Fig 3. Distribution du nombre de cellules et…

Fig 3. Distribution du nombre de cellules et de la masse pour différents types de cellules chez l'humain…


Il y a 37,2 billions de cellules dans votre corps

Combien de cellules composent votre corps ? Il n'est en fait pas si facile de répondre à cette simple question. Mais récemment, les scientifiques ont fait un assez bon effort. Et leur décompte final est de 󈻽.2 billion.

Le calcul du nombre de cellules dans le corps humain est délicat. Une partie du problème est que l'utilisation de différentes métriques vous donne des résultats très différents. Deviner en fonction du volume vous donne une estimation de 15 000 milliards de cellules estimées en poids et vous vous retrouvez avec 70 000 milliards. Carl Zimmer à National Geographic explique :

Donc, si vous choisissez le volume ou le poids, vous obtenez des chiffres radicalement différents. Pire encore, nos corps ne sont pas remplis de cellules de manière uniforme, comme un pot rempli de bonbons à la gelée. Les cellules sont de tailles différentes et poussent à des densités différentes. Regardez un bécher de sang, par exemple, et vous constaterez que les globules rouges sont bien emballés. Si vous utilisez leur densité pour estimer les cellules d'un corps humain, vous arriverez à 724 billions de cellules. Les cellules de la peau, en revanche, sont si rares qu'elles vous donnent une estimation dérisoire de 35 milliards de cellules.

Comment ces chercheurs ont-ils trouvé 37 200 milliards de dollars ? Ils ont en fait décomposé le nombre de cellules par organes et types de cellules, en parcourant la littérature disponible pour dresser une liste détaillée des volumes et des densités dans tout, des intestins aux genoux. Ainsi, par exemple, il y a 50 milliards de cellules graisseuses dans un corps moyen et 2 milliards de cellules musculaires cardiaques.

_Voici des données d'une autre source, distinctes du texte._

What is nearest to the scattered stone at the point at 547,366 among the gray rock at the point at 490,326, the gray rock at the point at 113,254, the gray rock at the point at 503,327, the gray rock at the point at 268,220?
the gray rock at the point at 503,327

En additionnant tout cela, ils ont obtenu 37,2 millions. (Au fait, cela n'inclut aucun des millions de microbes qui vivent sur vous.)

Les auteurs soulignent qu'il ne s'agit pas simplement d'une bonne question de pub. L'utilisation du nombre de cellules et sa comparaison avec la moyenne peuvent aider les médecins à identifier les problèmes. "Connaître le nombre total de cellules du corps humain ainsi que des organes individuels est important d'un point de vue culturel, biologique, médical et de modélisation comparative", écrivent-ils.

À propos de Rose Eveleth

Rose Eveleth est rédactrice pour Smart News et productrice/conceptrice/rédactrice scientifique/animatrice basée à Brooklyn. Son travail est paru dans le New York Times, Scientifique américain, Collisionneur d'histoire, TED-Ed et Sur Terre.

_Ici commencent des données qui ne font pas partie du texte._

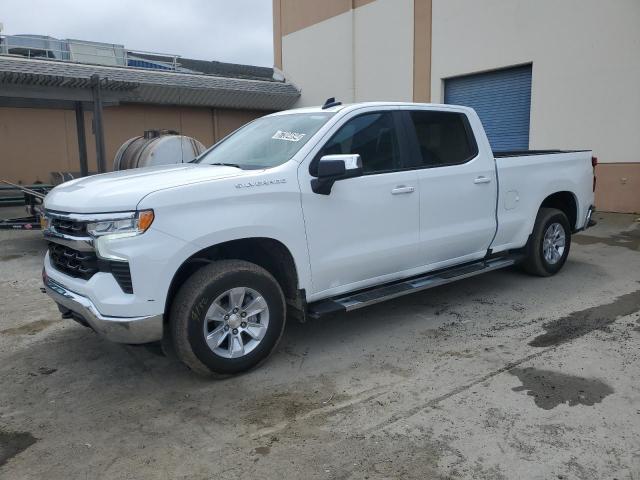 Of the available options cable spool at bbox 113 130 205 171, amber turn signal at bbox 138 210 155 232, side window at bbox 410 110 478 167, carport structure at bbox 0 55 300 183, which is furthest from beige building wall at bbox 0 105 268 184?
amber turn signal at bbox 138 210 155 232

Les gardiens de la galaxie microbienne

En 1986, Yiu-Kwok Chan d'Agriculture Canada a identifié une nouvelle espèce bactérienne. Suivant un protocole standard, il l'a déposé dans l'American Type Culture Collection (ATCC), un référentiel où les scientifiques stockent de nouvelles souches microbiennes. Il est resté là pendant des décennies jusqu'en 2020, année où il a été remarqué par Roland Wilhelm, chercheur postdoctoral à l'Université Cornell, pour avoir une ressemblance frappante avec un autre groupe de bactéries. Wilhelm a obtenu un flacon de la souche Chan&rsquos de l'ATCC et a utilisé une nouvelle technologie de séquençage de l'ADN pour confirmer que la souche de 1986 était en fait une espèce du Paraburkholderia bactérie qu'il étudiait actuellement. Cette révélation n'a été possible que grâce aux archives bactériennes, qui ont servi de lien central entre ces deux chercheurs à travers différentes époques de la science.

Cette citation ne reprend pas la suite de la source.